* Task item
Leave every picture out, and write out the remaining entries exactly.
::::
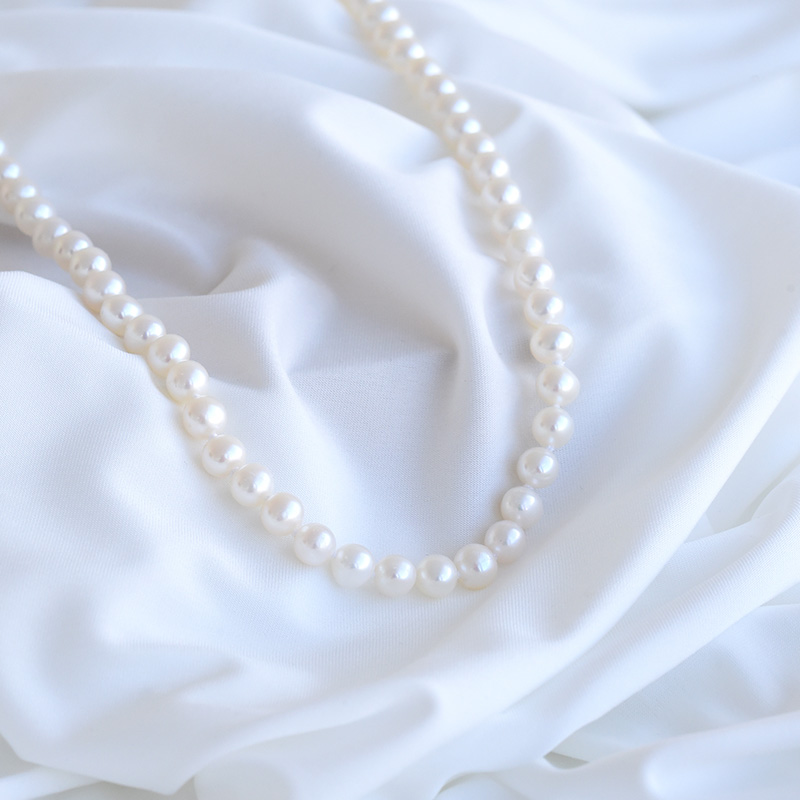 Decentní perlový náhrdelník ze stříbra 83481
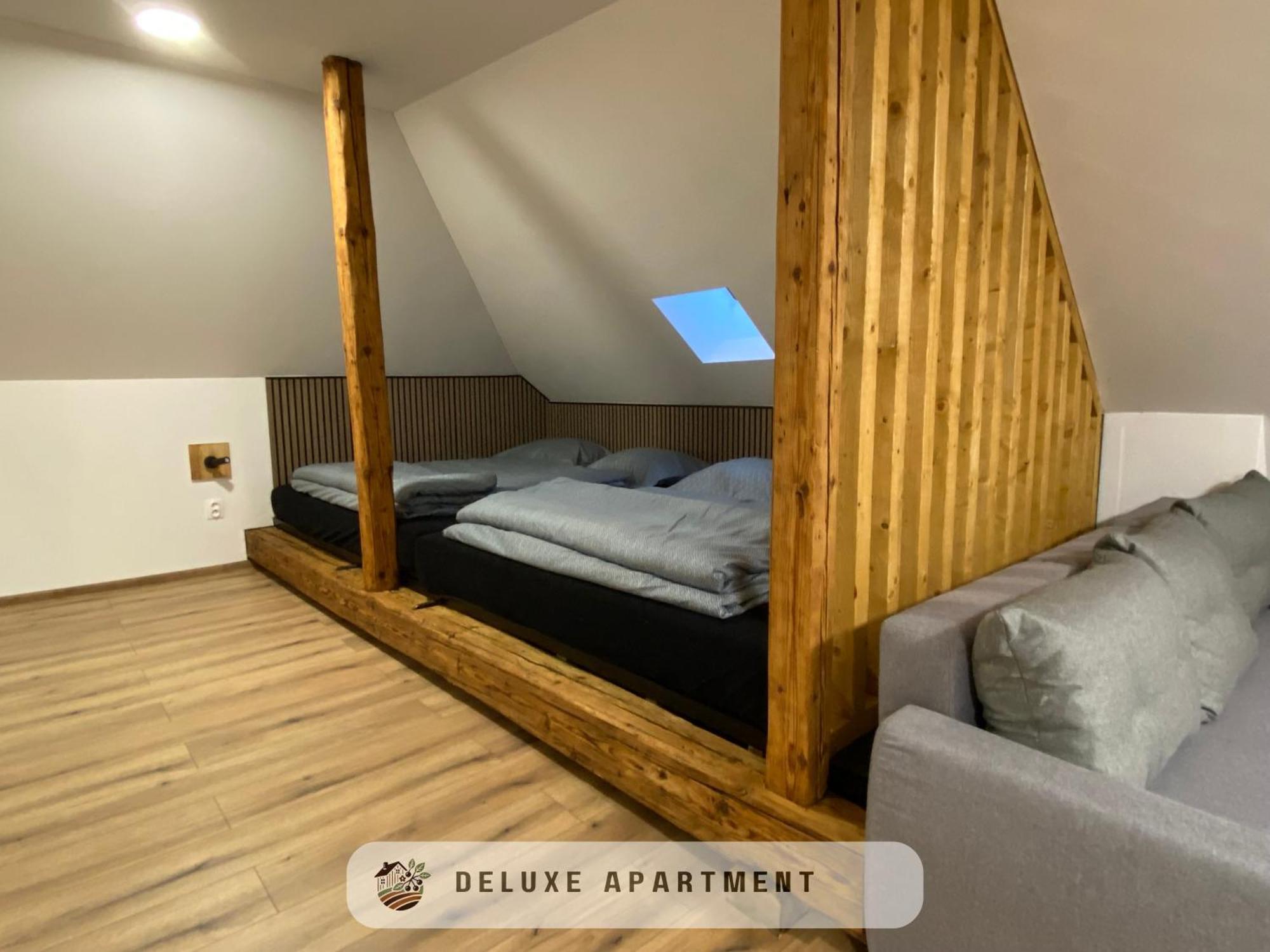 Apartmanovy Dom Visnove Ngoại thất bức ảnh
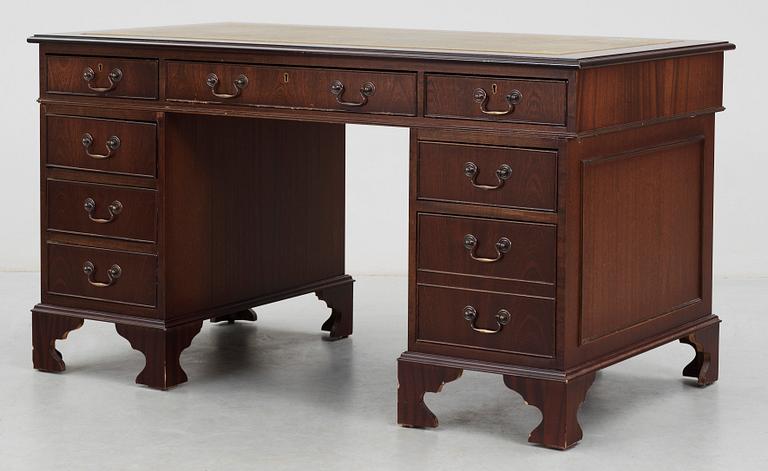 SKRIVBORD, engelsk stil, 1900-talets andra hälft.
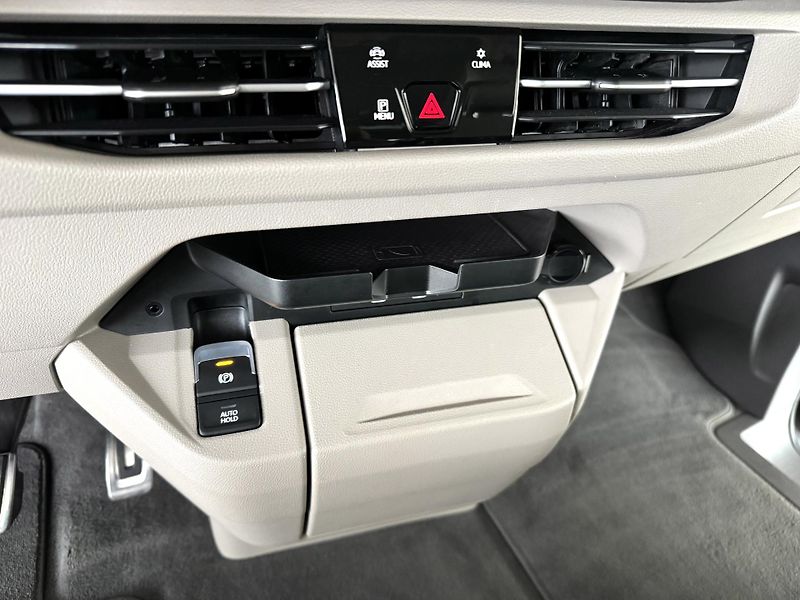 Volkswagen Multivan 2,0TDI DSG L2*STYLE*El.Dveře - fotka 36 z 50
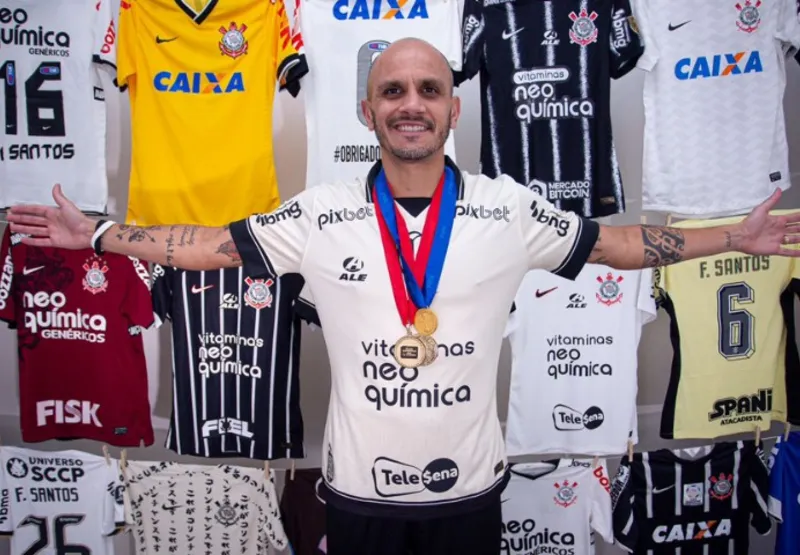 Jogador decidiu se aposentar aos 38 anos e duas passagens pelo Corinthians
::::
* Output below
 Decentní perlový náhrdelník ze stříbra 83481
 Apartmanovy Dom Visnove Ngoại thất bức ảnh
 SKRIVBORD, engelsk stil, 1900-talets andra hälft.
 Volkswagen Multivan 2,0TDI DSG L2*STYLE*El.Dveře - fotka 36 z 50
 Jogador decidiu se aposentar aos 38 anos e duas passagens pelo Corinthians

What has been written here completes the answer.